EXERCISE AIM. The whole listing is to be written out again exactly; the pictures are not.

SUPPLIED DATA.
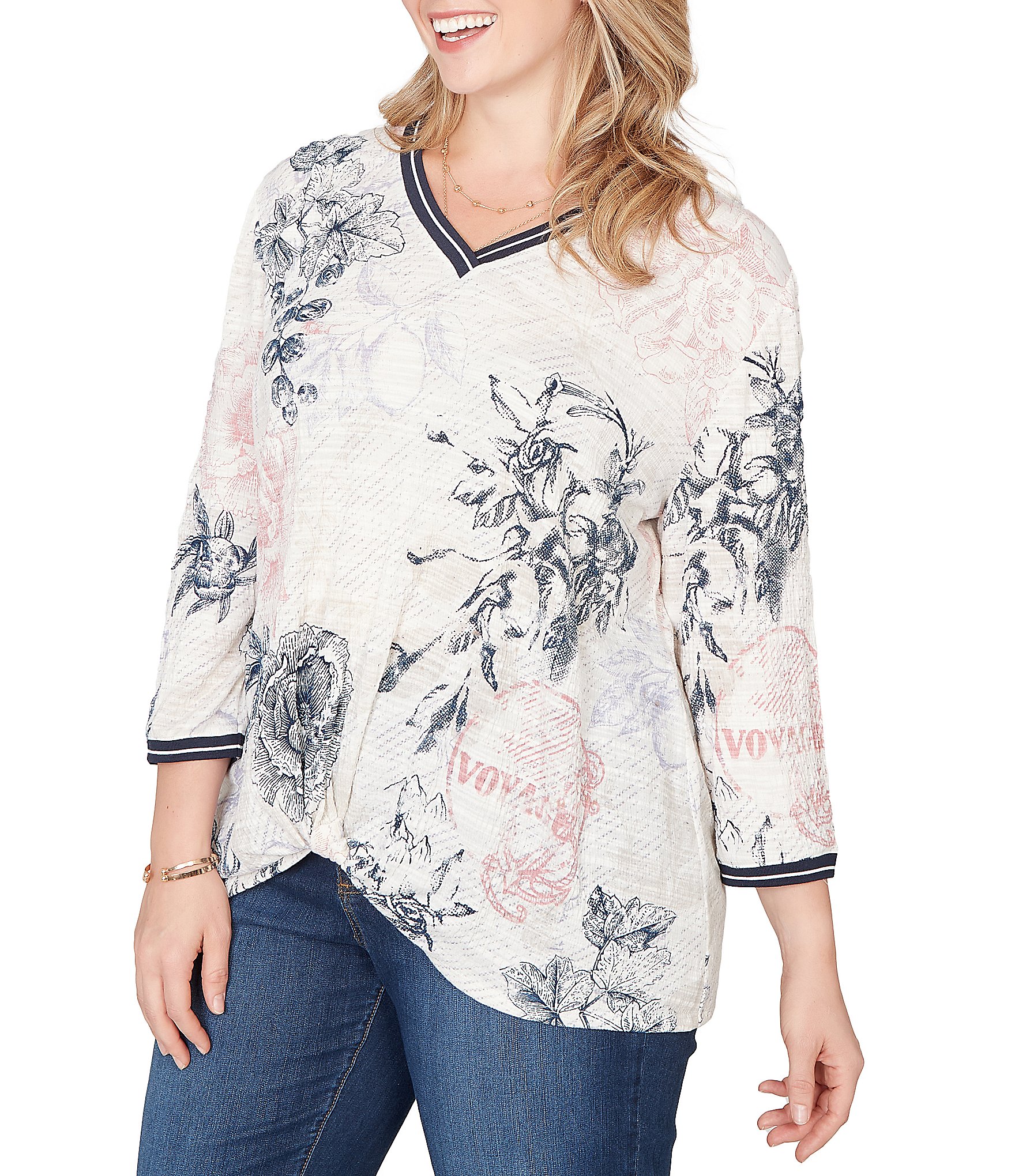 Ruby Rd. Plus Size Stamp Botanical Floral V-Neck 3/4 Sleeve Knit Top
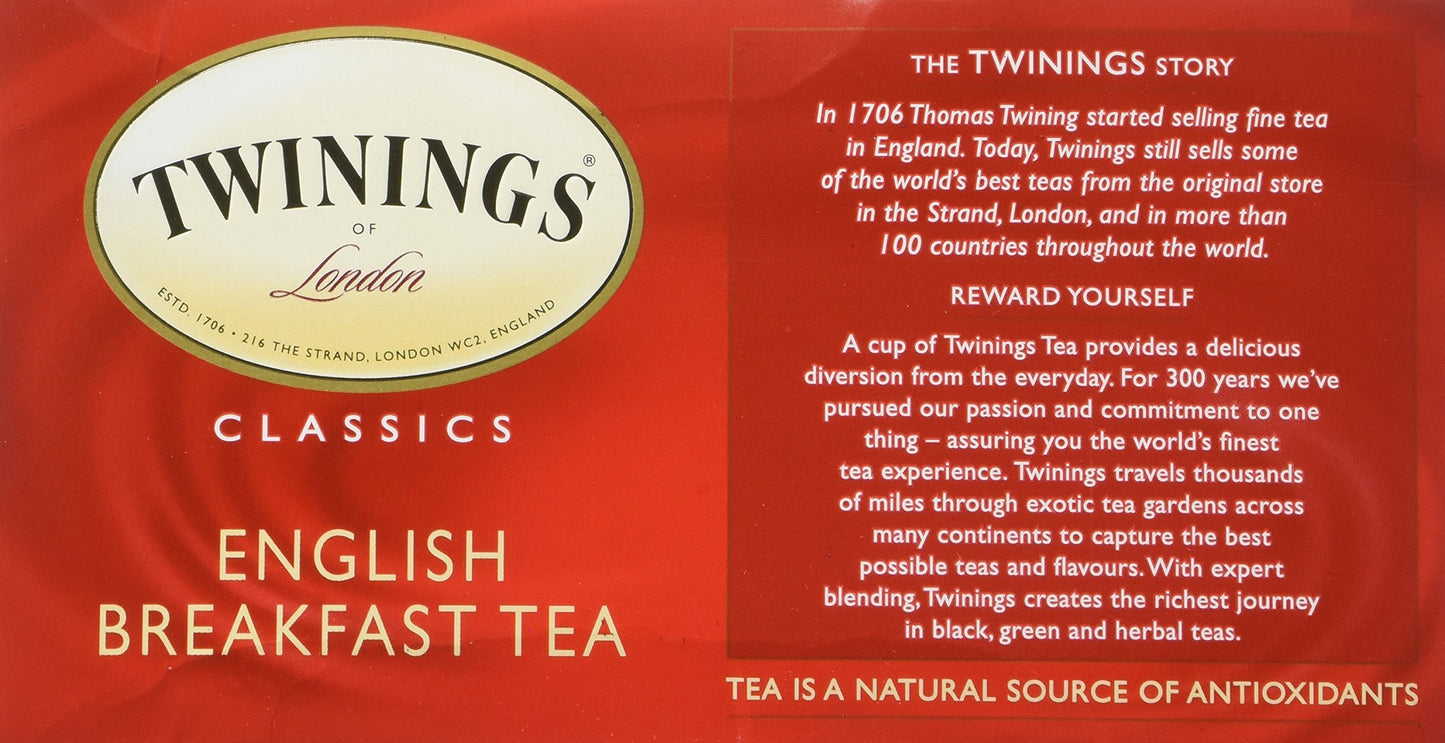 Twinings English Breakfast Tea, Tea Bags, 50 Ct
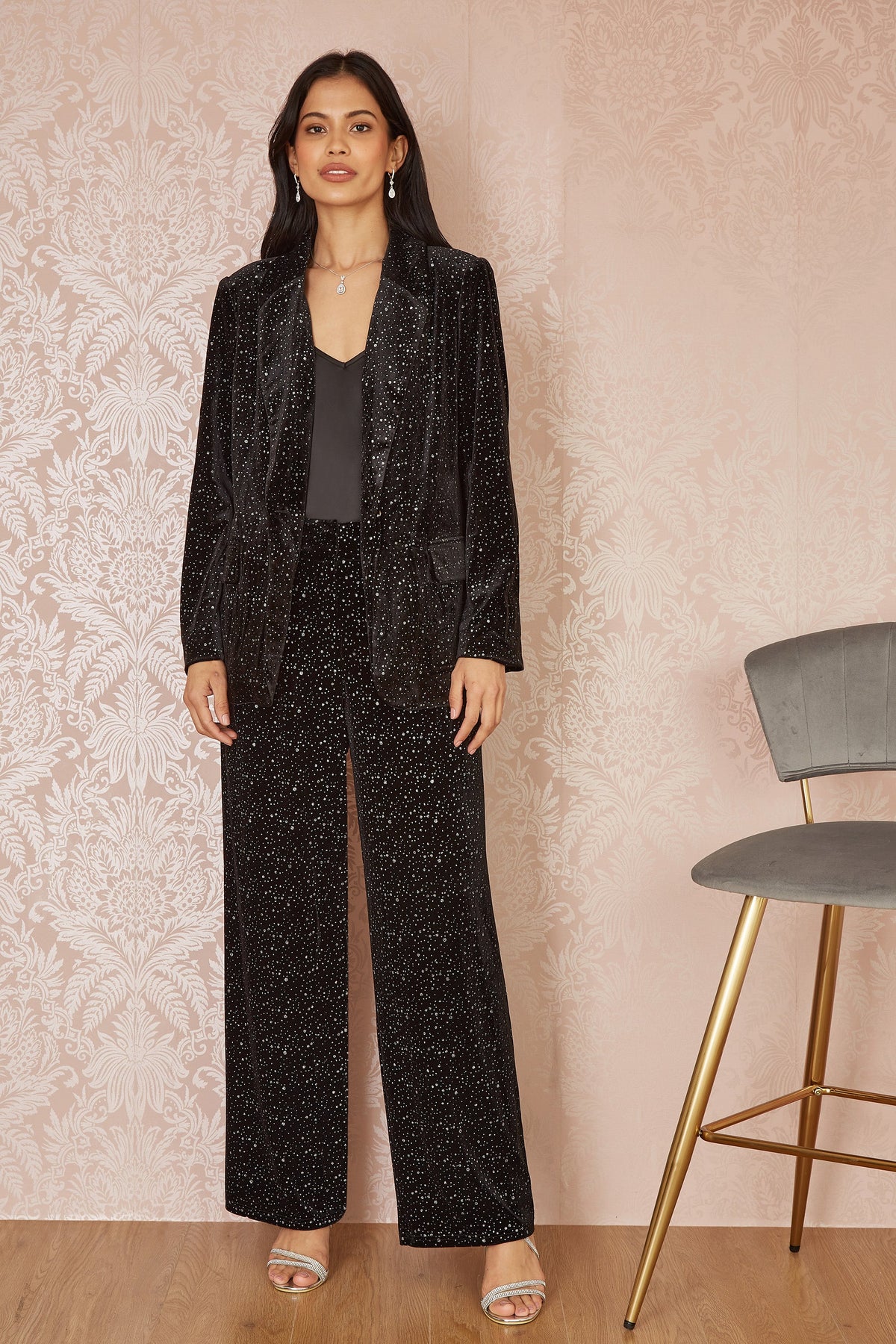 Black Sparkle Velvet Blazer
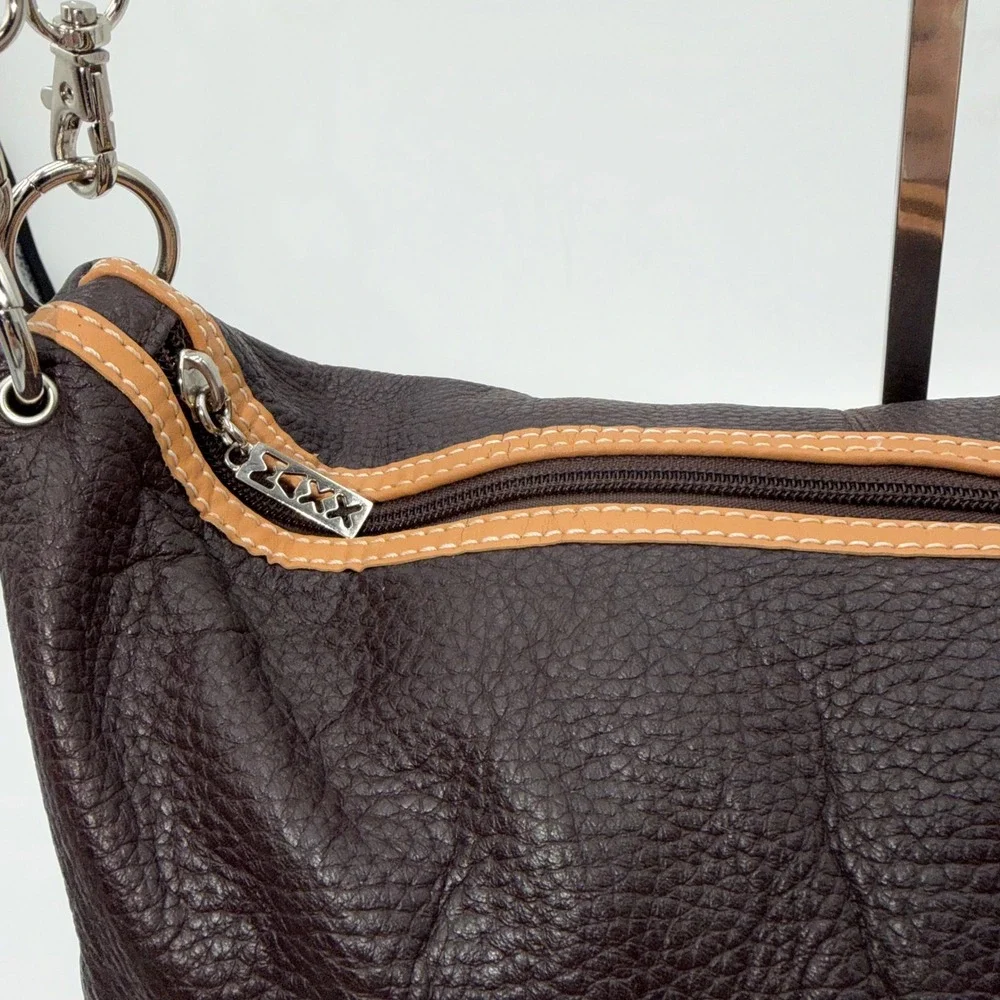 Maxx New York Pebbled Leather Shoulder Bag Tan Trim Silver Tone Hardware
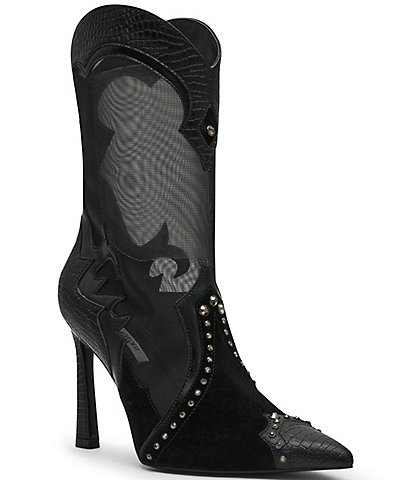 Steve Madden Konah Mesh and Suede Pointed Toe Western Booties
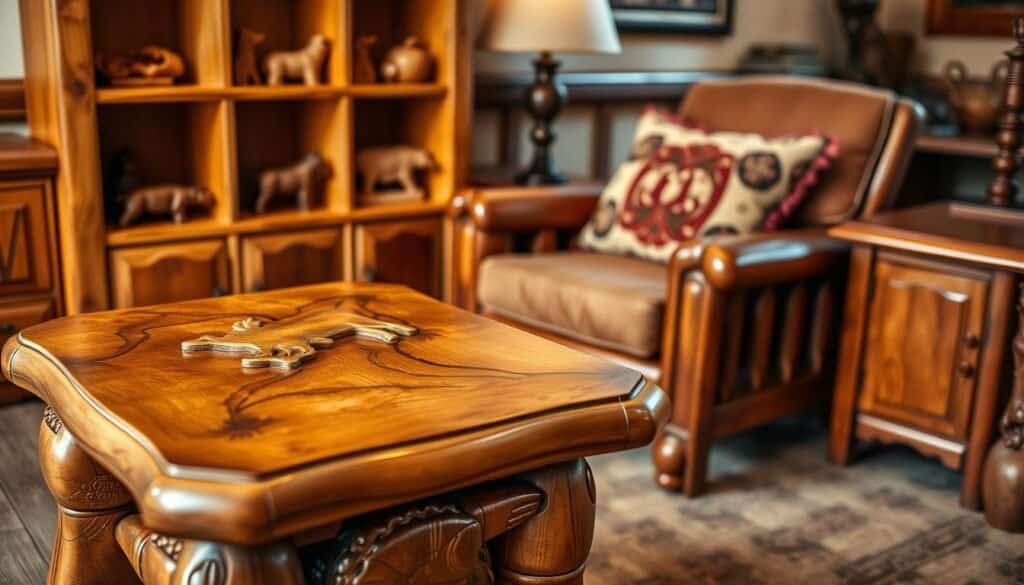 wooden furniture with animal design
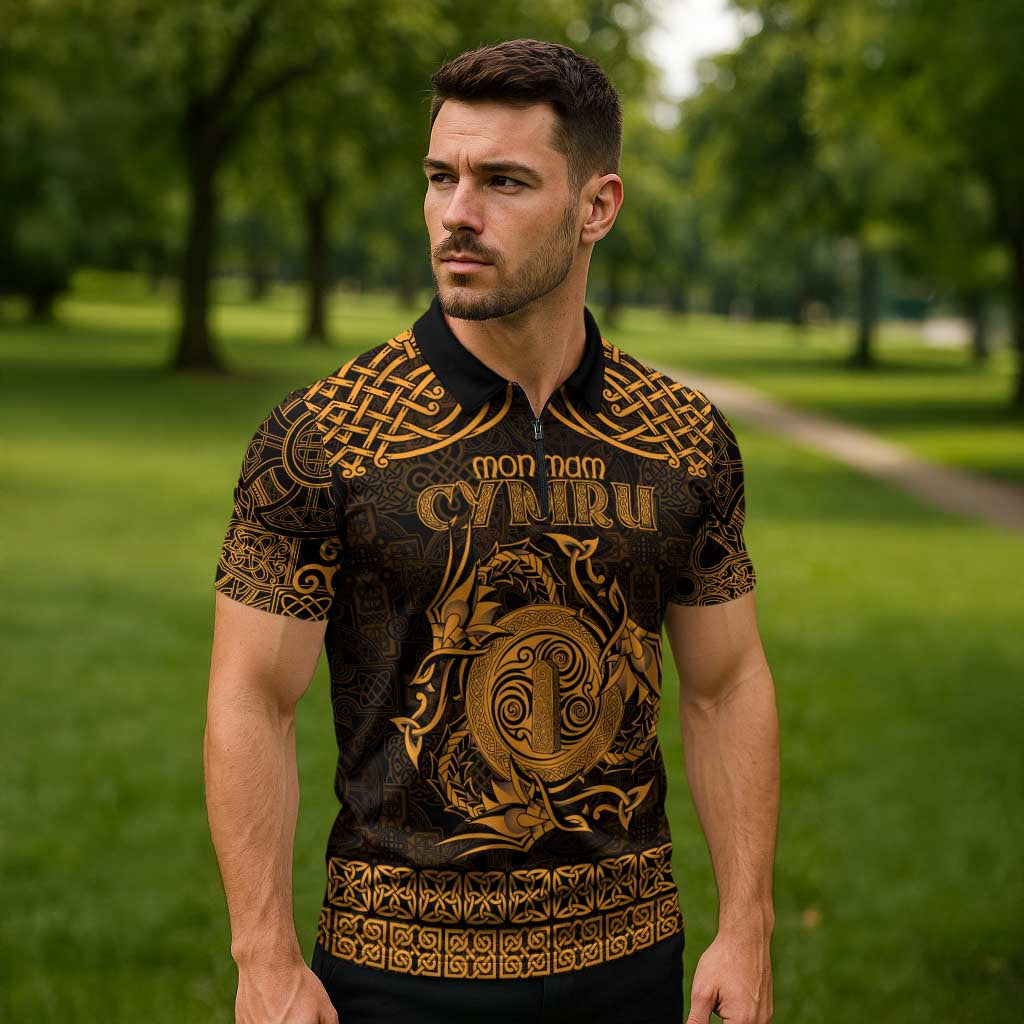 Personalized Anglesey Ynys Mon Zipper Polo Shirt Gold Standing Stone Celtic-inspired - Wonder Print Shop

ANSWER AREA.
 Ruby Rd. Plus Size Stamp Botanical Floral V-Neck 3/4 Sleeve Knit Top
 Twinings English Breakfast Tea, Tea Bags, 50 Ct
 Black Sparkle Velvet Blazer
 Maxx New York Pebbled Leather Shoulder Bag Tan Trim Silver Tone Hardware
 Steve Madden Konah Mesh and Suede Pointed Toe Western Booties
 wooden furniture with animal design
 Personalized Anglesey Ynys Mon Zipper Polo Shirt Gold Standing Stone Celtic-inspired - Wonder Print Shop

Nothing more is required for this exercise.